The cyclist, though, was enraged. “THAT’S CLEVER, ISN’T IT?” she yelled. “WALKING IN THE ROAD!”

Last month, I made an enemy. I do not say this lightly, and I certainly don’t say it with pride, as a more aggressive male might. Throughout my life I have avoided confrontation with a scrupulousness that an unkind observer would call out-and-out cowardice. A waiter could bring the wrong order, cold and crawling with maggots, and in response to “How is everything?” I’d still manage a grin and a “lovely, thanks”.

On the Underground, I’m so wary of being a bad citizen that I often give up my seat to people who aren’t pregnant, aren’t significantly older than me, and in some cases are far better equipped to stand than I am. If there’s one thing I am not, it’s any sort of provocateur. And yet now this: a feud.

And I don’t even know my enemy’s name.

She was on a bike when I accidentally entered her life. I was pushing a buggy and I wandered – rashly, in her view – into her path. There’s little doubt that I was to blame: walking on the road while in charge of a minor is not something encouraged by the Highway Code. In my defence, it was a quiet, suburban street; the cyclist was the only vehicle of any kind; and I was half a street’s length away from physically colliding with her. It was the misjudgment of a sleep-deprived parent rather than an act of malice.

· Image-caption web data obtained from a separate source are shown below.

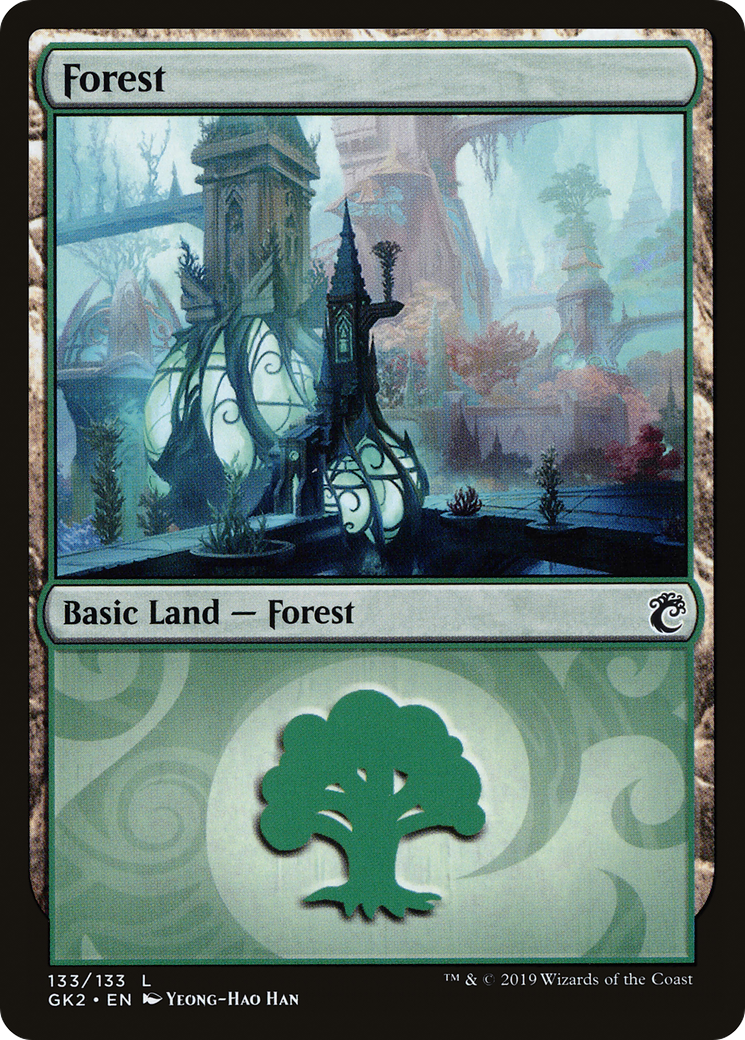 Forest (133) - RNA Guild Kit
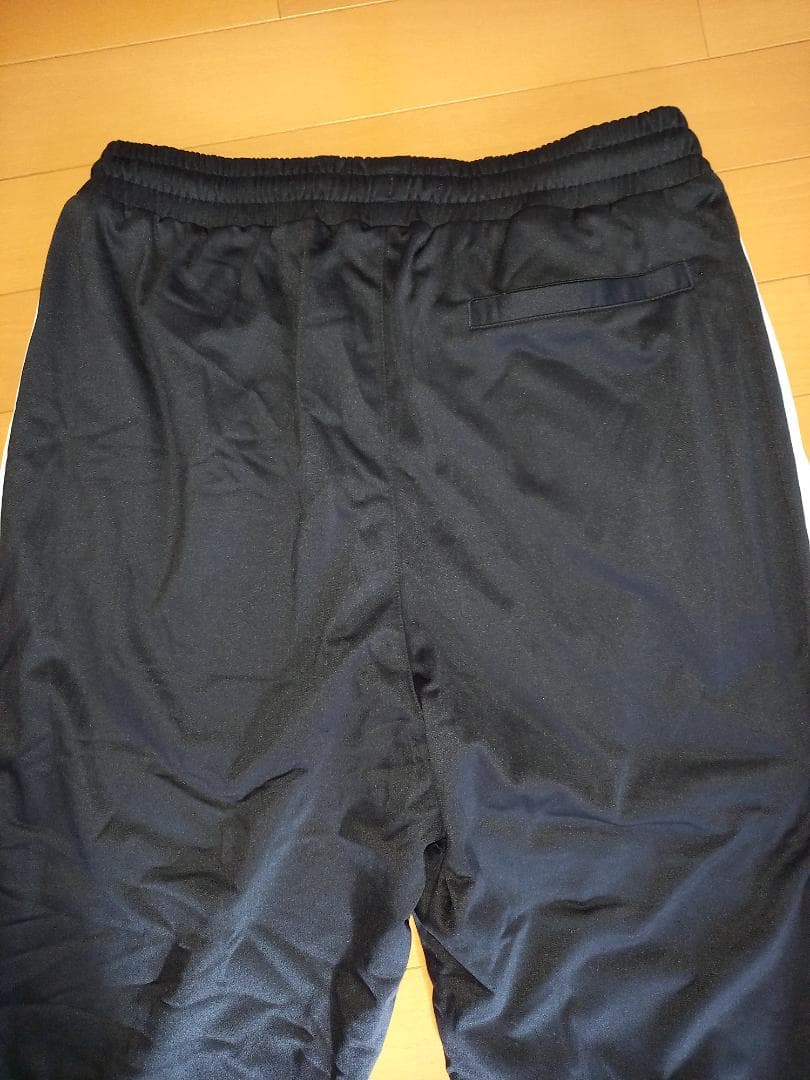 新品ADIDAS Korn PANT-BLACK (SIZE: L)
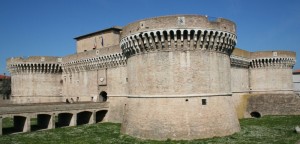 La rocca di Senigallia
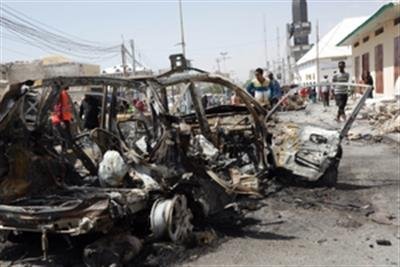 20 al-Shabab militants killed in Somalia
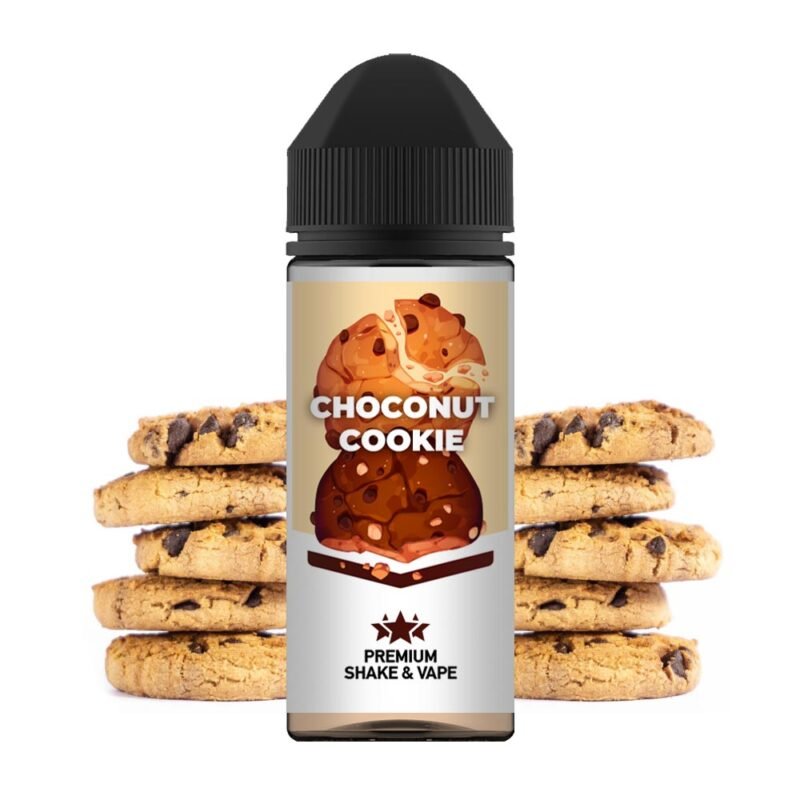 Choconut Cookie SNV 30ml/120ml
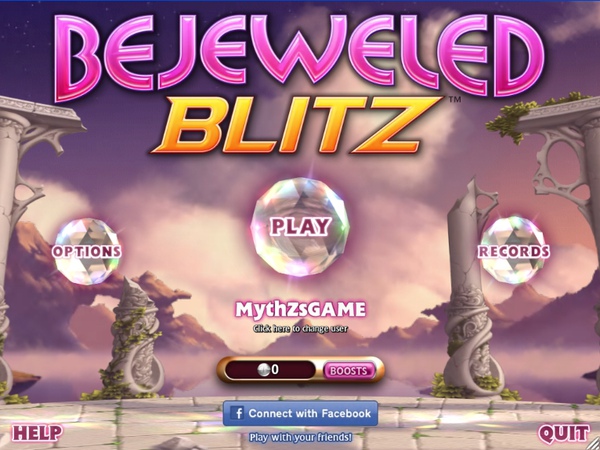 Bejeweled Blitz Bejeweled Blitz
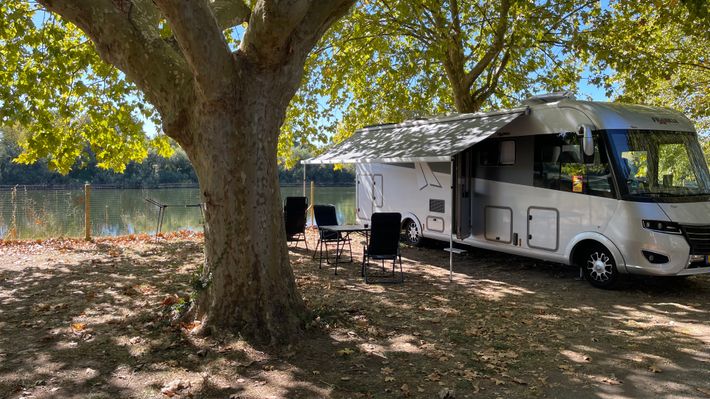 Camping Les Batailleurs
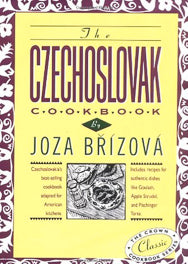 The Czechoslovak Cookbook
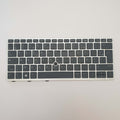 HP EliteBook 830 G5 Tastatur Französisch AZERTY Keyboard FR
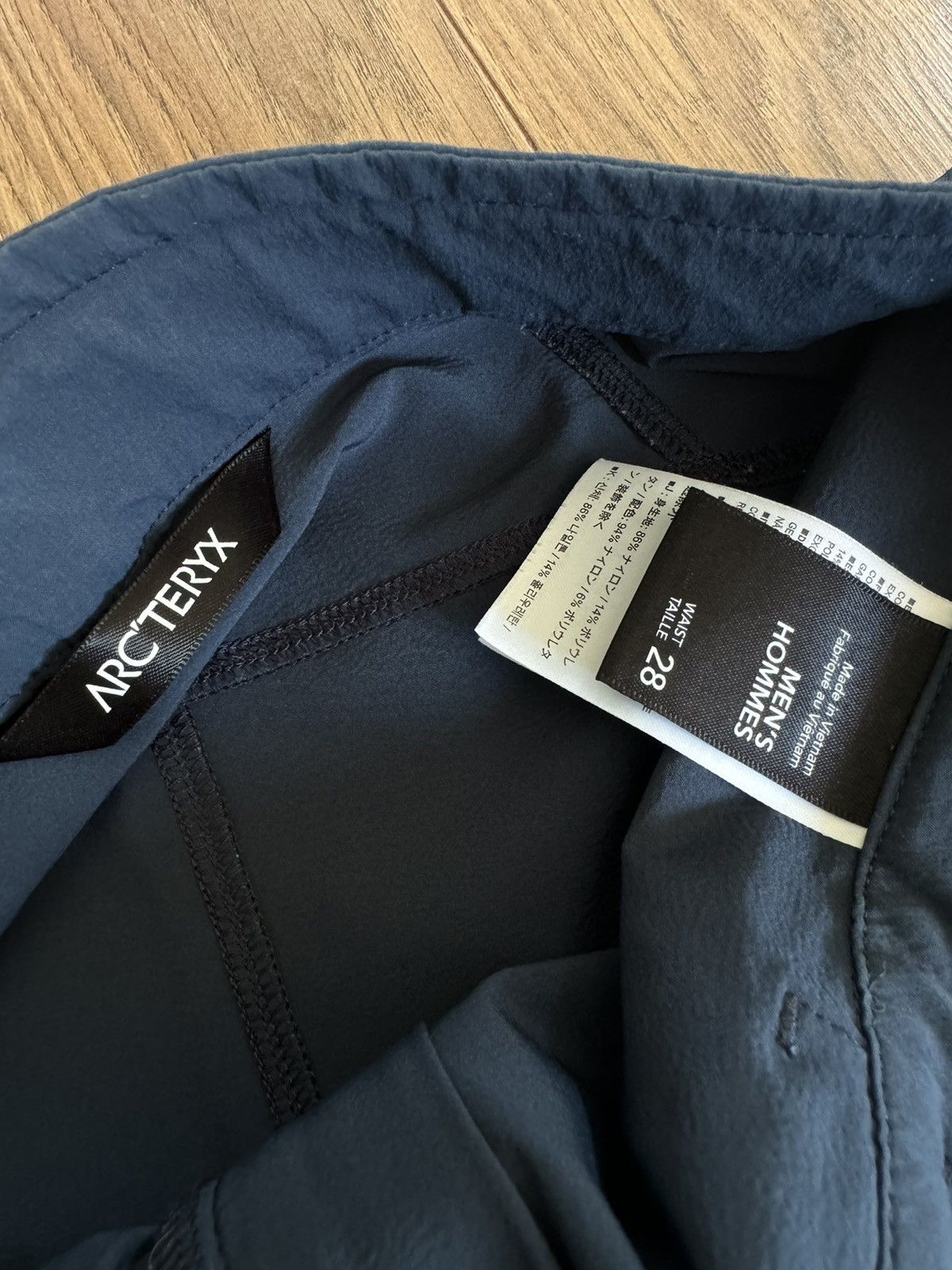 Arc'teryx Arc'teryx Lefroy shorts Size US 28 / EU 44 - 5 Thumbnail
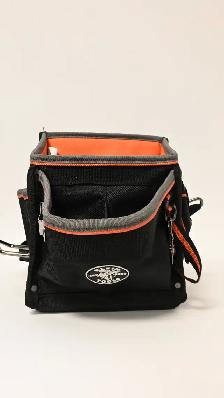 Klein Tools Bag Shoulder Strap 14 Pockets like NEW condition - Photo 2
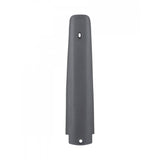 Trek 2023 Fuel EX 29 aluminum frame downtube armor in black, designed for bike component protection.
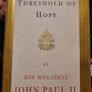 Pope John Paul II Book Bundle, 1979 and 1994 First Editions Image 4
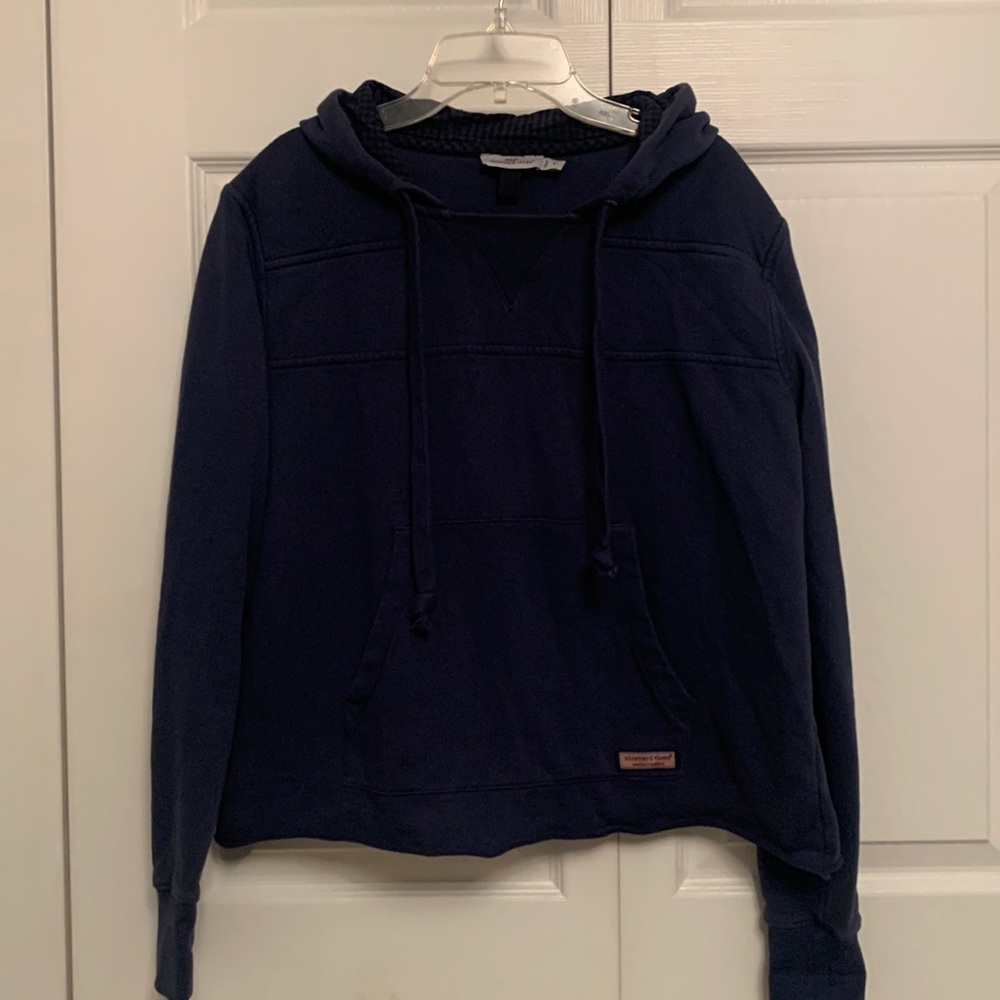 🌷🌻Vineyard Vines Martha’s Vineyard Hooded Sweatshirt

The cyclist, though, was enraged. “THAT’S CLEVER, ISN’T IT?” she yelled. “WALKING IN THE ROAD!”

I was stung by what someone on The Apprentice might refer to as her negative feedback, and walked on with a redoubled sense of the parental inadequacy that is my default state even at the best of times.

A sad little incident, but a one-off, you would think. Only a week later, though, I was walking in a different part of town, this time without the toddler and engrossed in my phone. Again, I accept my culpability in crossing the road without paying due attention; again, I have to point out that it was only a “close shave” in the sense that meteorites are sometimes reported to have “narrowly missed crashing into the Earth” by 50,000 miles. It might have merited, at worst, a reproving ting of the bell. Instead came a familiar voice. “IT’S YOU AGAIN!” she yelled, wrathfully.

This time the shock brought a retort out of me, probably the harshest thing I have ever shouted at a stranger: “WHY ARE YOU SO UNPLEASANT?”

None of this is X-rated stuff, but it adds up to what I can only call a vendetta – something I never expected to pick up on the way to Waitrose. So I am writing this, as much as anything, in the spirit of rapprochement. I really believe that our third meeting, whenever it comes, can be a much happier affair. People can change. Who knows: maybe I’ll even be walking on the pavement

Mark Watson is a stand-up comedian and novelist. His most recent book, Crap at the Environment, follows his own efforts to halve his carbon footprint over one year.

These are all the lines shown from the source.